Nun mag sich der einfache Zeitgenosse, der gelegentlich im Internet surft und seine Banküberweisungen zu Hause vom Rechner aus erledigt, fragen, was er mit gegen internationale Terroristen gerichteten Online-Durchsuchungen zu tun haben könnte. Eigentlich ist auszuschließen, daß rechtschaffene Privatpersonen in das Visier von Ermittlern geraten. Die Gefahr ist eine andere. Mit der Aufhebung der Privatsphäre und der Unverletzlichkeit der Wohnung in einigen Bereichen kommt erfahrungsgemäß der Dammbruch. Bei nächster Gelegenheit werden dann per Online-Durchsuchung Schwarzgelder oder unversteuerte Gewinne aus eBay-Geschäften gesucht. Und wer noch ein paar Riefenstahl-Bilder auf dem Rechner haben sollte, ist ohnehin verdächtig.

In der Großen Koalition regt sich kaum Widerstand gegen den Innenminister. Die CDU steht tapfer an Schäubles Seite und läßt sich in die total überwachte Republik treiben. SPD-Chef Kurt Beck hat zwar Bedenken angemeldet, aber sein Innenexperte Dieter Wiefelspütz hat sich schon zum "Schäuble-Versteher" gemausert. Die Opposition ist schwach. Wer noch an die Demonstrationen gegen die Volkszählung in den achtziger Jahren denkt, rätselt heute, wieso Online-Durchsuchungen und Video-Kontrollen auf allen Plätzen eher als Nebensache diskutiert werden. Daß das Bundesverfassungsgericht das Recht auf informationelle Selbstbestimmung ausgerufen hat, scheint vergessen zu sein.

Die Fortschritte in Netztechnik und Programmen verschaffen den Staatsorganen ein leichtes Spiel, an die Daten der Bürger zu kommen. Der "Bundestrojaner", wie Schäubles Schnüffelversuch genannt wird, ist nichts anderes als ein kleines Computerprogramm, das huckepack auf den Rechner des Auszuspähenden transportiert wird. Das kann als Anhang zur elektronischen Post geschehen. Der Anhang wird geöffnet, und man merkt gar nicht, daß sich ein neues Programm auf dem Rechner unsichtbar installiert. Oder der Rechner wird beim Besuch von Internetseiten infiziert. Der "Bundestrojaner" wird danach jede Tastaturbewegung und jedes Paßwort mitprotokollieren. Bei der nächsten Herstellung einer Verbindung ins Internet werden die gesammelten Daten an das Bundeskriminalamt übermittelt.

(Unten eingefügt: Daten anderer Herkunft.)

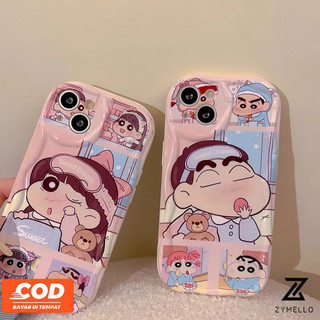 Ốp lưng VIVO V60 LITE V50 V40 Y28 Y03 Y18 Y02T Y100 Y19S Y17S Y27 Y02 Y35 Y36 Y56 Y22 Y12 Y20 Y21 Y33S Y30 Y15 Y15S Y16 Y11 Y50 Y91C Hoạt Hình Shinchan Nini Chống Sốc TPU Di Động pho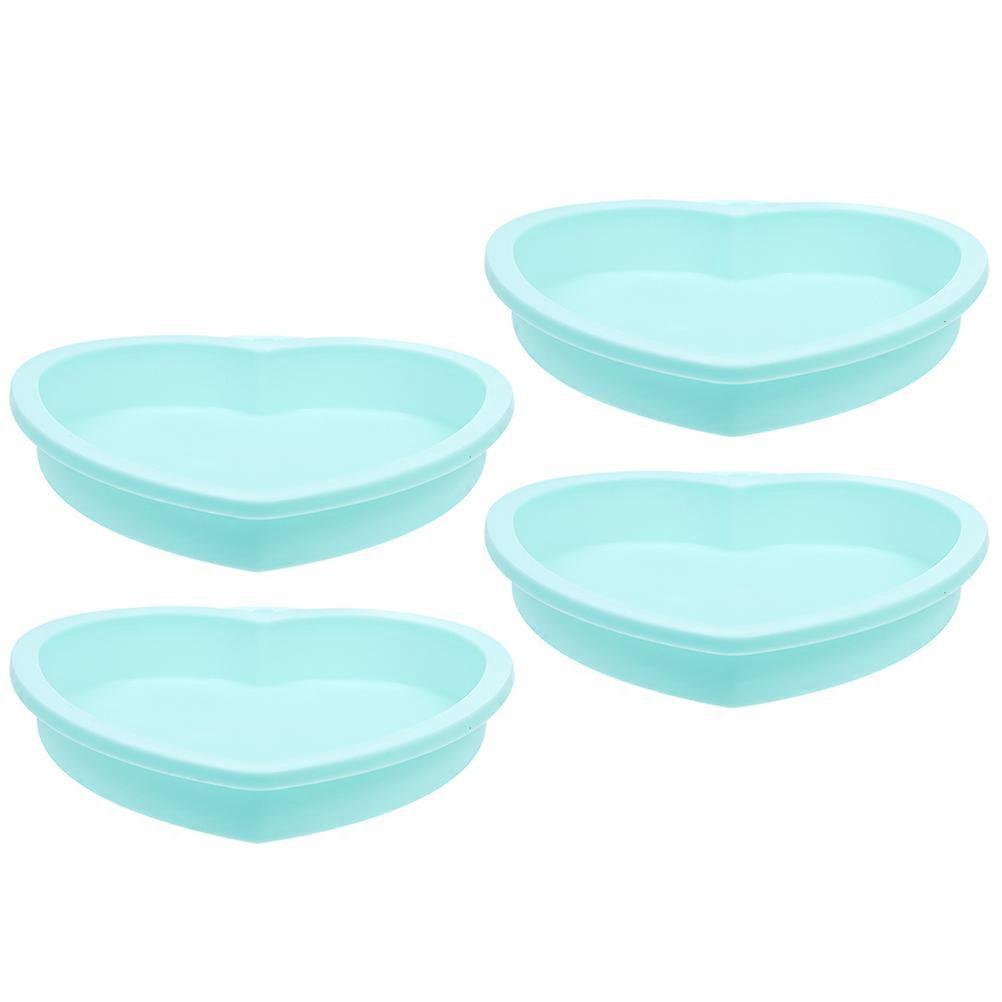 Silicone Mousse Molds 8 Pcs Heart Shaped Cake Pans Designed For DIY Enthusiasts 8 Inch Baking High Temperature Resistant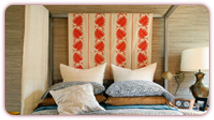 Cocooned in Grasscloth, this Bedroom is a Nobel Retreat”
Design by Van Lenten Interiors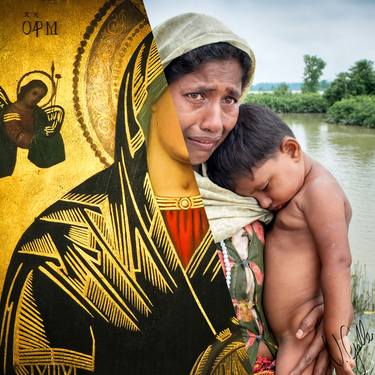 A Rohingya Refugee Mother and Child - Limited Edition number 1 of 100 thumb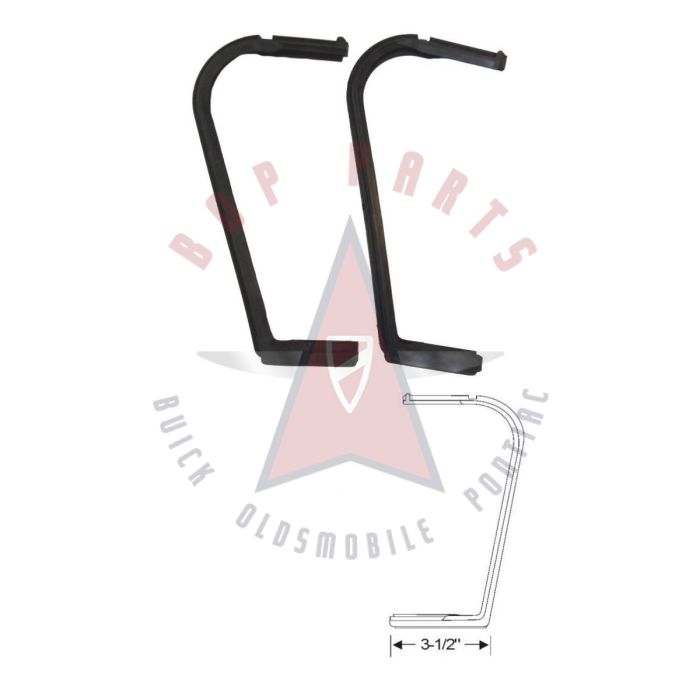 
1960 Buick, Oldsmobile, And Pontiac Sedan and Wagon (See Details) Front Door Vent Window Rubber Weatherstrips 1 Pair

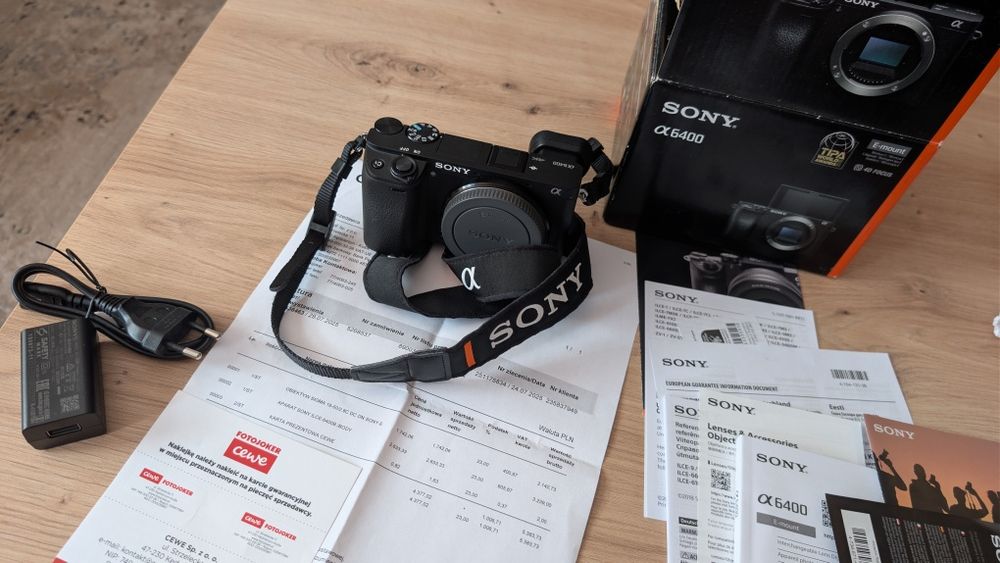 Aparat bezlusterowy Sony A6400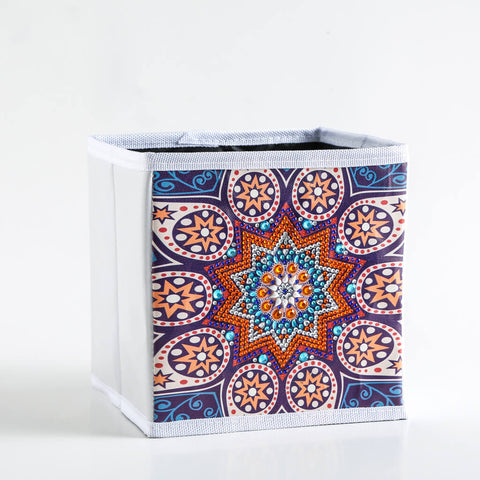 Image of Red Mandala - DIY Diamond Collapsible Storage Basket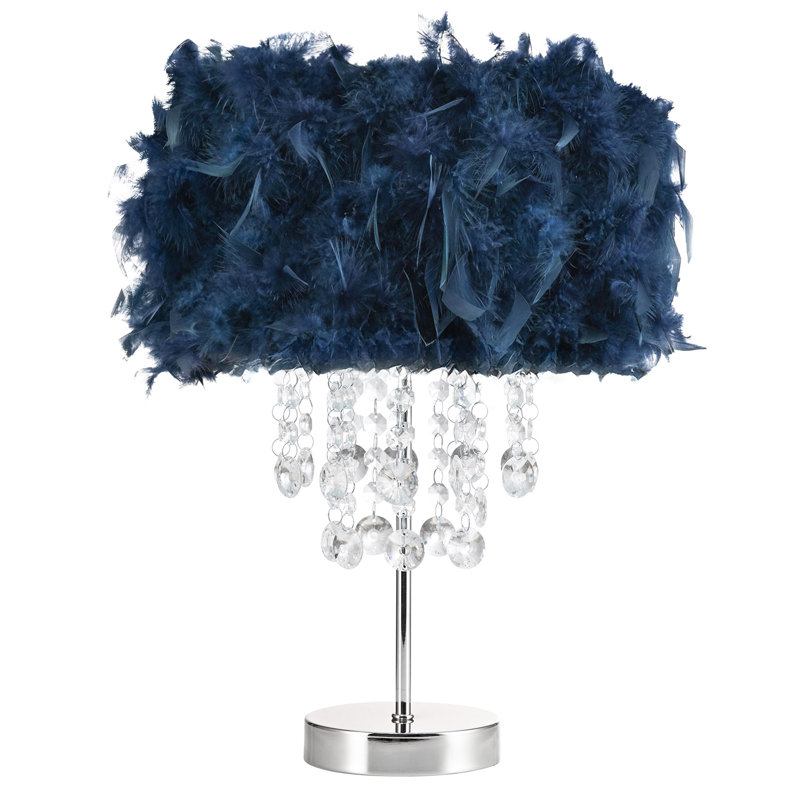 Metal Table Lamp, Navy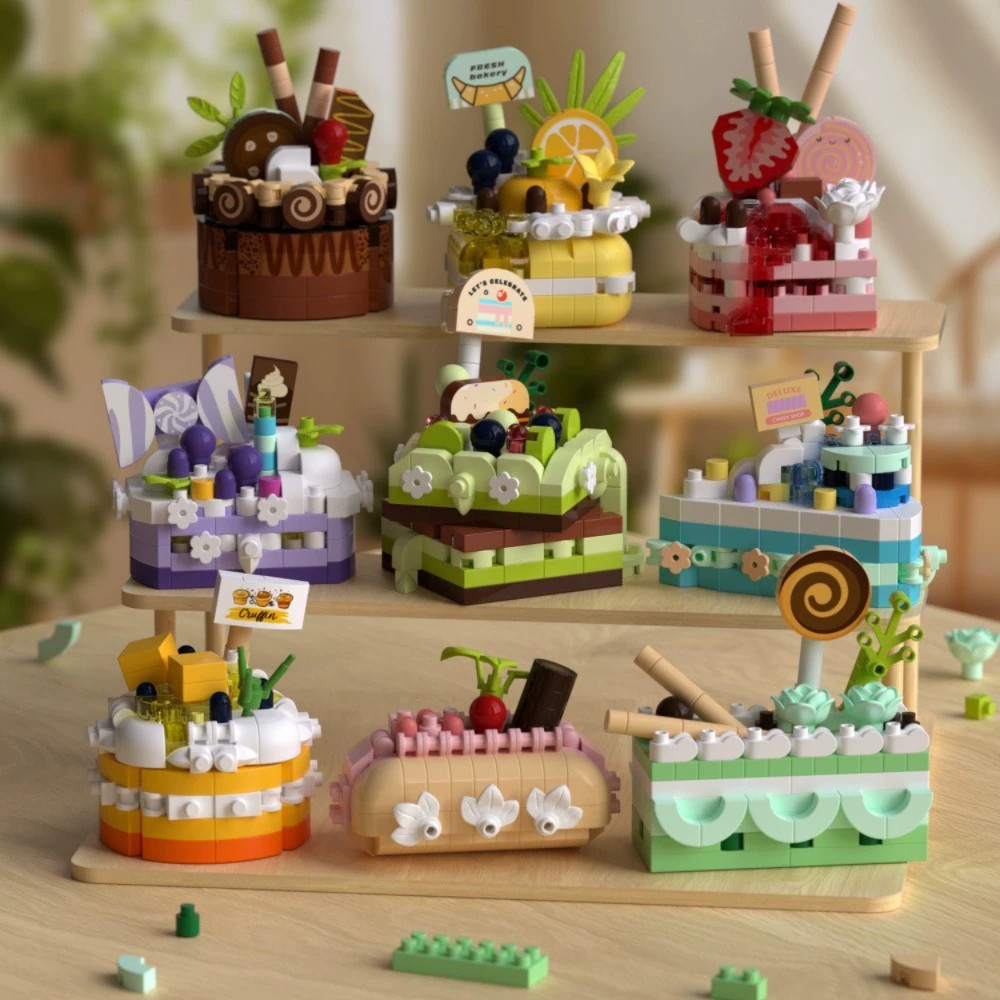 🍮 ตัวต่อขนมหวานสมจริง สนุกเพลิดเพลินไปกับการประกอบ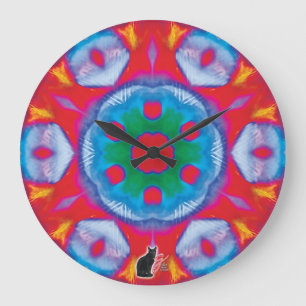 Pippin Kaleidoskop Große Wanduhr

Damit können sich die staatlichen Schnüffler mit Original-Paßwörtern in Bankkonten, Telefonabrechnungen und elektronische Briefkästen im Netz einloggen. Und sie haben alle Paßwörter für die Verschlüsselungsprogramme, mit denen der Nutzer versuchen könnte, seine Daten auf der Festplatte vor fremden Blicken zu schützen. Ob herkömmliche Virenschutzprogramme und Firewalls, mit denen sich die Nutzer heute vor Angriffen aus dem Netz zu schützen versuchen, auch Schutz gegen den "Bundestrojaner" bieten, bleibt abzuwarten. Das größte Sicherheitsrisiko für jeden Rechner ist nach wie vor sein Benutzer, der aus purer Neugierde fremde E-Mails öffnet und sich Viren und Trojaner einfängt. Internet-Kriminelle setzen bereits heute in großem Stil Schnüffelprogramme ein, besonders um an Kontodaten zu kommen. Vorsichtige Nutzer öffnen keine fremden Mails und haben wichtige private Daten auf einem zweiten Rechner, der nicht mit dem Internet oder Funknetzen verbunden ist. Denn wo kein Netz ist, muß auch Schäuble außen vor bleiben.